* _TO DO_:
Take the lines below from the one with "御錦源 3室2廳2衛(wèi) 146㎡" through the one with "chat with ai character: MHA Halloween!" and print only them, exactly. Don't print the pictures.

* _EXTRACTED INFORMATION_:
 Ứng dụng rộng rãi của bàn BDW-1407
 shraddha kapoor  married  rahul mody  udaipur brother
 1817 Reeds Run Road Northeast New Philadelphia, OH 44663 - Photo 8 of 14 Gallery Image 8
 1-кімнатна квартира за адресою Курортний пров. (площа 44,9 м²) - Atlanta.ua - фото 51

* * *

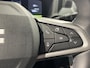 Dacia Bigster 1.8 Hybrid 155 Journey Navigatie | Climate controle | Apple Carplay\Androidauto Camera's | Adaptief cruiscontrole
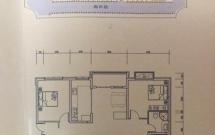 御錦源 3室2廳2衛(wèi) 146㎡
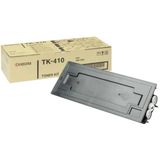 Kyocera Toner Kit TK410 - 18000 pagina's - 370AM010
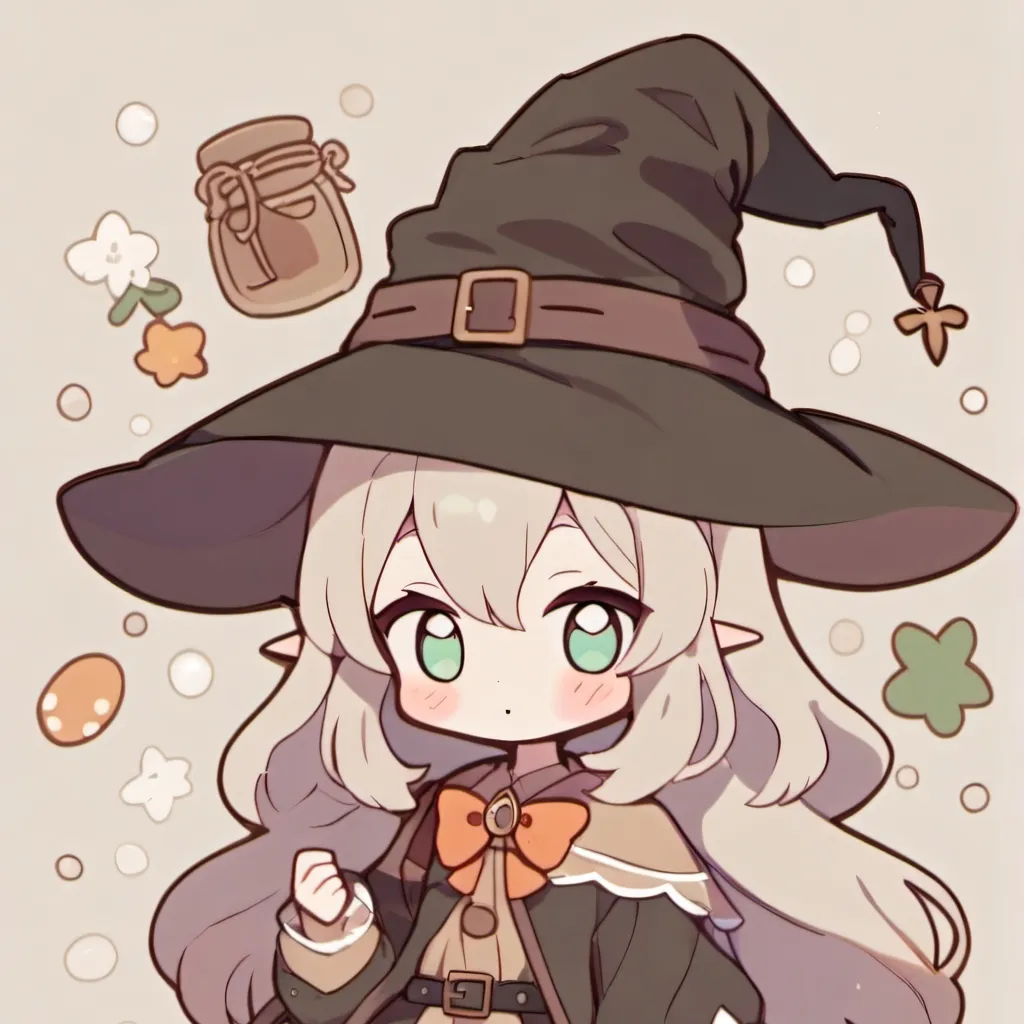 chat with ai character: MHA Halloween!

* _ANSWER BOX_:
 御錦源 3室2廳2衛(wèi) 146㎡
 Kyocera Toner Kit TK410 - 18000 pagina's - 370AM010
 chat with ai character: MHA Halloween!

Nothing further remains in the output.